Magnífico documento
el que firma Marta Rebón en elpais, en torno a Boris Pasternak y Olga Ivínskaia (1). “Doctor
Zhivago” es una obra literaria que me impactó con fuerza cuando la leí, y la he
releído luego varias veces más. He visto también la película de David Lean, también
más de una vez. La primera de ellas lo hice en compañía de Carmen, a la sazón
bastante embarazada de nuestro segundo hijo. Le entró una llorera tan copiosa e
inagotable (eran tiempos de clandestinidades, con la inevitable aparición del
fantasma de eventuales separaciones largas y traumáticas), que cuando se
encendieron las luces yo fui blanco de todas las miradas, como sospechoso de
maltrato.
Un buen amigo, excelente
traductor del ruso, se ha burlado mucho de mi admiración por Zhivago. Según él,
Pasternak es un gran poeta y un novelista mediocre. Veo en el artículo de Rebón
que Nabokov sostenía la misma opinión. Discrepo, siempre he discrepado, y la
siguiente frase de la novela, citada por Rebón, es una retroconfirmación de mi
postura: «Yuri
soñaba con una obra en prosa, un libro autobiográfico en el que incluiría, como
cargas explosivas ocultas, las cosas más sorprendentes que había visto y
pensado.
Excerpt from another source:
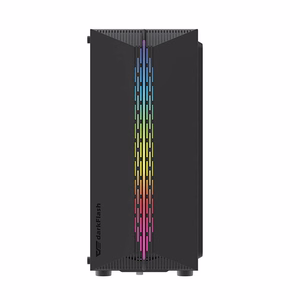 Darkflash DK151 LED datora korpuss (melns) + 3 RGB ventilatori
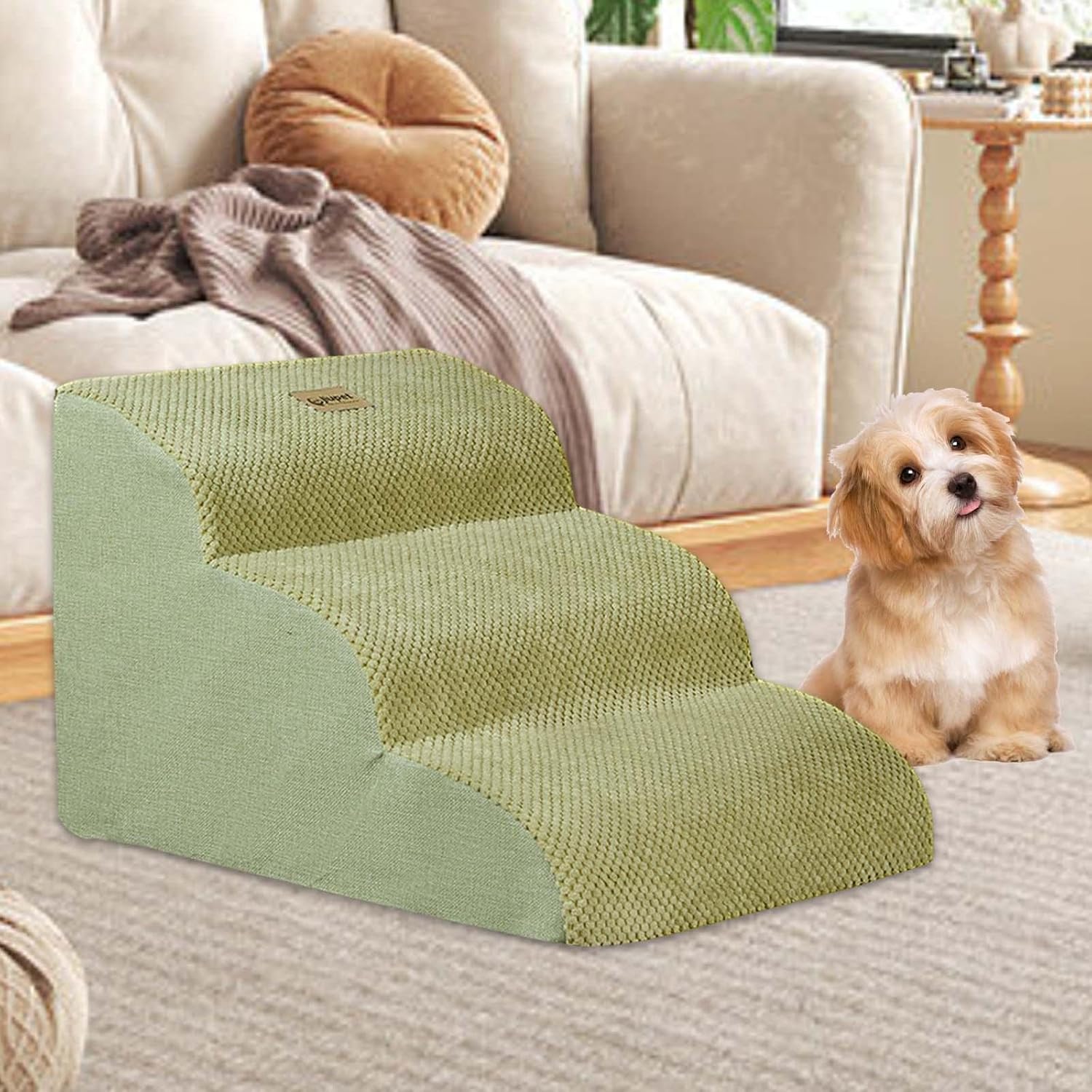 PetComfort• Memory Foam Dog Stairs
Pero todavía era demasiado joven para un libro semejante, así que se
limitaba a escribir versos, como un pintor que durante toda su vida pinta
estudios para el gran cuadro que tiene en mente.»
Tampoco me parece
que Zhivago sea “una carta de amor a Olga, premiada con el Nobel”. La misma
frase anterior indica que Pasternak tenía muchas más cosas en la cabeza, además
de Lara/Olga, en el momento en el que se consideró maduro para escribir lo que
se proponía.
Lara o Larissa tiene
un magnetismo especial para el lector de Zhivago. Hay a lo largo de la novela
mucho amor expresado o subyacente, y también un gran, un enorme, sentimiento de
culpa respecto de ella. La relación de Pasternak con Ivínskaia, según la
conocemos, tuvo mucho de ambas cosas. Olga cayó rendida desde el principio a
los pies del genio; el genio la trató con un cariño siempre demasiado celoso de
guardar las distancias. No es una relación infrecuente en grandes hombres que
cultivan por procura externa su propio narcisismo. Muchos críticos han estimado
irrisoria la participación de Olga en la vida intelectual de Boris; el propio
Boris puede haber ayudado sin quererlo a esa interpretación. Pero la lealtad a
toda costa y la abnegación no son tanto un signo de debilidad femenina, sino de
lo contrario: de esa fuerza propia, magnífica, que lleva a una persona a salir
de sí y entregarse a algo externo por estimarlo un bien superior al de su propia
individualidad.
Muchas mujeres son
capaces de ese desprendimiento; muchos hombres se aprovechan de él.
La cuestión del
Nobel ha sido también objeto de una polémica que no nos lleva muy allá. Quienes
consideran defectuosa la novela de Pasternak esgrimen la concesión del premio
como un acto político. El hecho de que el escritor lo rechazara, forzado por la
presión de la “nomenclatura”, refuerza el argumento. Pero basta repasar la
lista de los Nobel para comprobar que la política, sea política cultural, política
reverencial o política a secas, siempre estuvo presente en el certamen. Pasternak
emerge, a fin de cuentas, como una de las figuras literarias más consistentes
del elenco. Pudo haber otros escritores que merecieran más el premio, y nunca
lo tuvieron. A efectos de balance histórico, lo cierto es que el premio en sí pesa
muy poco en una carrera literaria.
Un mérito
infrecuente, en cambio, es el de haber rechazado el galardón. Son muy pocos los
que han hecho tal cosa, apoyados en las razones que sean. Solo recuerdo el caso
de Jean-Paul Sartre, puede que haya alguno más. Incluso el último galardonado,
el eterno rebelde de la cultura pop, ha acabado por claudicar y escribir su
discurso de aceptación para beneficiarse del cash concomitante.